We have deliberately grouped together examples of strikes and hunger strikes, of peaceful demonstrations and rather violent action. The Bolivian Trotskyist role on August 20-21, 1971, can be placed in the same category. It is obvious that the capacity of Trotskyist organisations to take initiatives of action which draw into movement masses of vanguard workers and students, and sometimes even large sectors of the working class, have to be conceived in the framework of the concrete situation of each country, have to express the objective key needs of the class struggle at a given stage, and that these situations and key needs differ widely from continent to continent and from country to country. No general rule applies to all and every country, certainly not “armed struggle.” And to transform this real history of the “turn of the 9th World Congress” into a universal appeal for “guerilla warfare” is a bad joke which the leading comrades of the minority cannot seriously believe themselves, and which is just a way to avoid the real debate.

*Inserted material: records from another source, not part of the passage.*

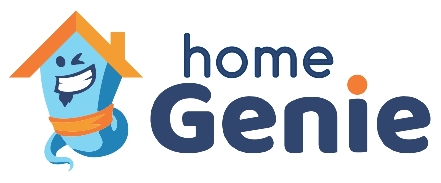Home Genie Device mark 5390870 Trademark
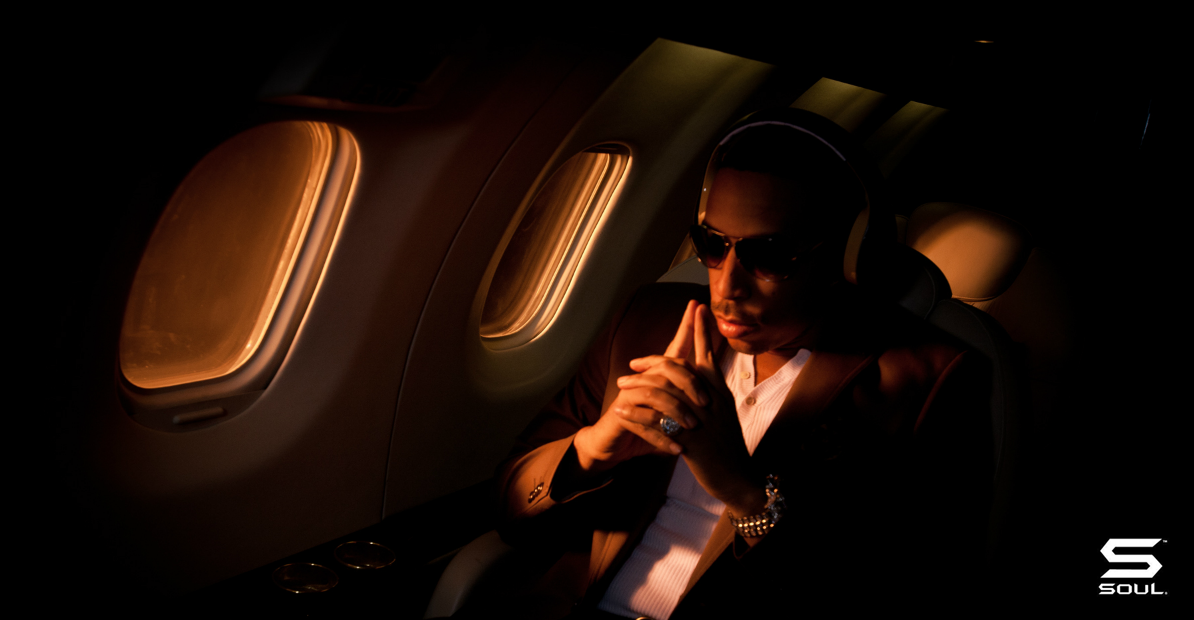 Soul Electronics : Ludacris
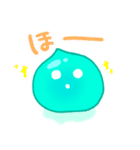 すらいむくんスタンプ（個別スタンプ：6）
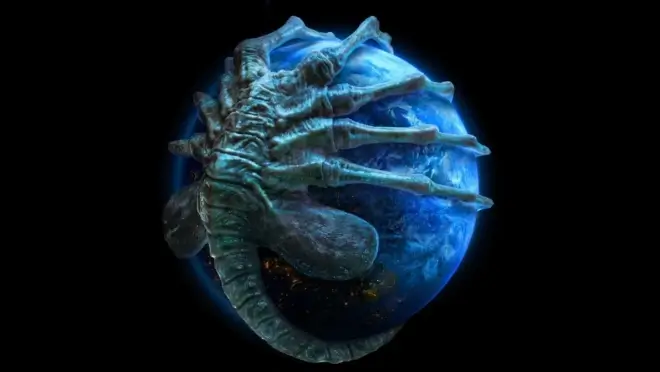 Alien: Earth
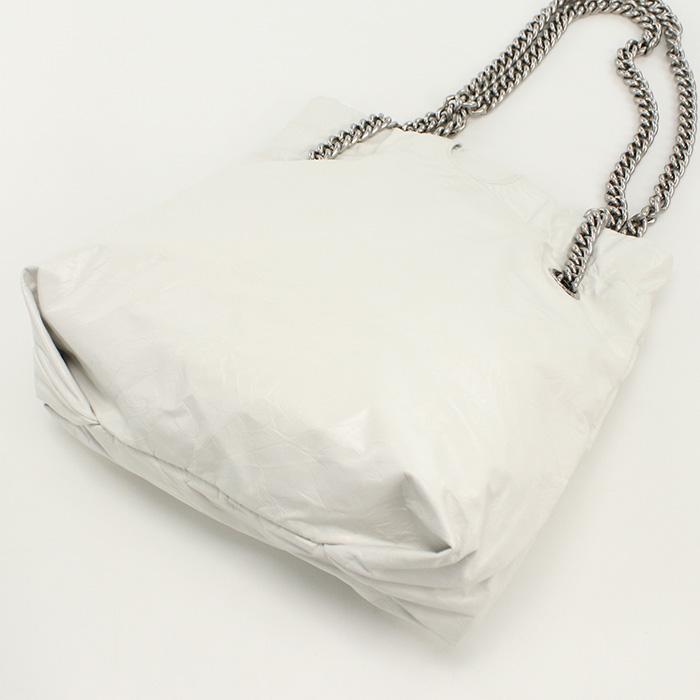 BALENCIAGA（バレンシアガ） 中古良品 トートバッグ 742942 スモール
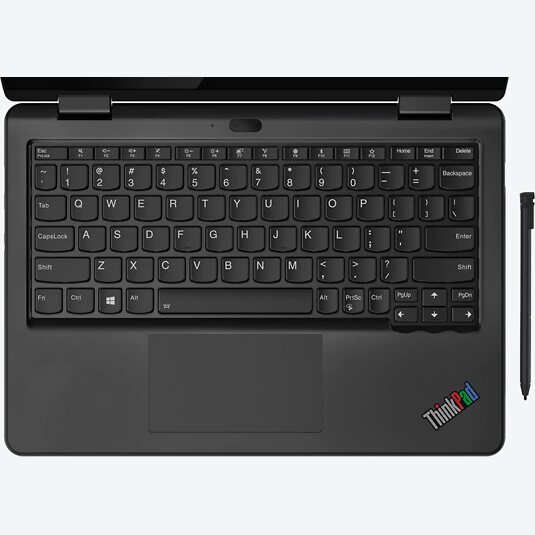 Lenovo ThinkPad 11e Yoga G6 20SF000QGE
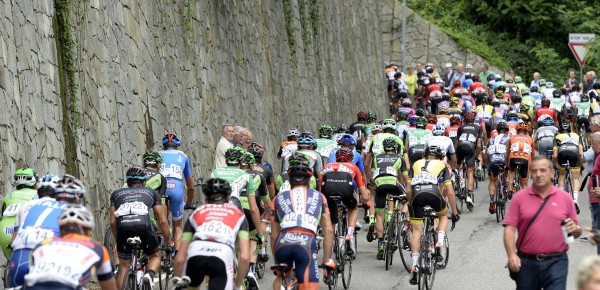 Volg hier de Sparkassen Münsterland Giro 2015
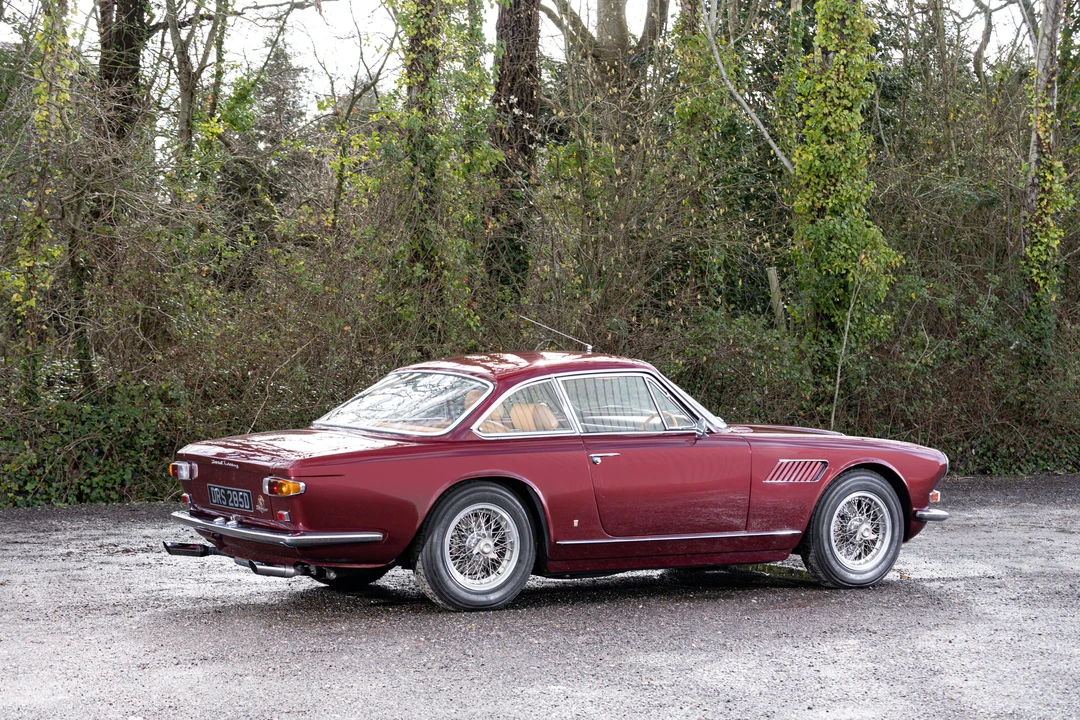 1966 Maserati Sebring - Image 28 of 31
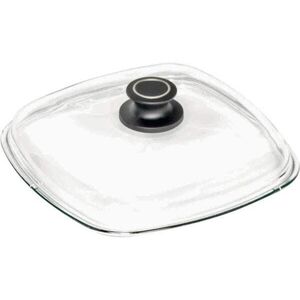 AMT Gastroguss, üveg, 28 cm kép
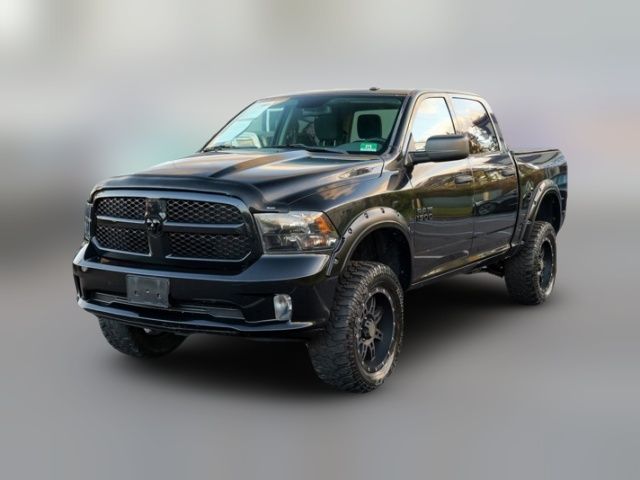 2016 Ram 1500 Express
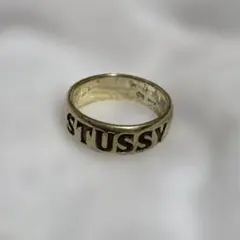 2026年最新】STUSSY 付属品：付属品なし メンズ リング・指輪の人気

All sections of the FI cannot yet make that turn. The question of passing a first threshold of organisational and political strength is essential for the capacity of even conceiving the correct initiative, let alone applying it successfully. It is also evident that the amount of initial forces involved greatly influences and pre-determines the organisational outcome of the initiative. That is why the initiatives taken by the French and American Trotskyists who at the outset had a much stronger organisation at their disposal than the Spanish, Bolivian and Ceylonese comrades, brought much higher organisational gains than in the latter countries.
But all these considerations do not modify the nature of the turn nor its significance. It is not at all a turn away from any basic tradition of Leninism, of building proletarian revolutionary vanguard parties, but on the contrary a turn toward seizing the opportunities of speeding up the building of such parties by becoming still small but already significant factors of initiative in the mass struggle itself.
Why is the word “turn” justified? Because the capacity for initiative in action contrasts with the propaganda group approach, which was predominant in the previous period, not because of any mistake or weakness of our movement, but as a reflection of objective conditions and especially of the predominance of the traditional working class organisations (and nationalist leaderships in the colonies and semi-colonies) in the mass movement.
Under conditions of such predominance, the normal “propaganda group” approach of small nuclei of revolutionists would have been to struggle inside the trade unions (or the CP and SP) for them to take the initiative: for defending the students in May ’68 in France; for organising the antiwar movement in the USA; for arming the workers in August 1971 in La Paz; for switching from participation toward boycotting the elections in Spain; for organising the struggle against the repression in Ceylon. We do not underestimate the need to continue this type of activity even today, even in the above mentioned cases. But it has ceased to be the main axis of our activity. In France, we did not limit ourselves to vote resolutions calling upon the CGT to do this, that or the other: we organised the defence of the students ourselves. In the USA, we did not limit ourselves to presenting resolutions at union conferences calling upon the AFL-CIO to organise the antiwar movement; we started to organise it ourselves. In Bolivia, we did not limit ourselves in presenting resolutions to the COB or the Popular Assembly to arm the workers; we started to act ourselves. In Ceylon, we did not call upon the LSSP and CP-led unions to organise the fight against the repression; we took the initiative of the struggle ourselves. And we believe that these initiatives in action contribute more than a hundred debates and resolutions to shift the relationship of forces inside the traditional mass organisations as well, a shift which still remains essential to influence the attitude of the majority of the working class.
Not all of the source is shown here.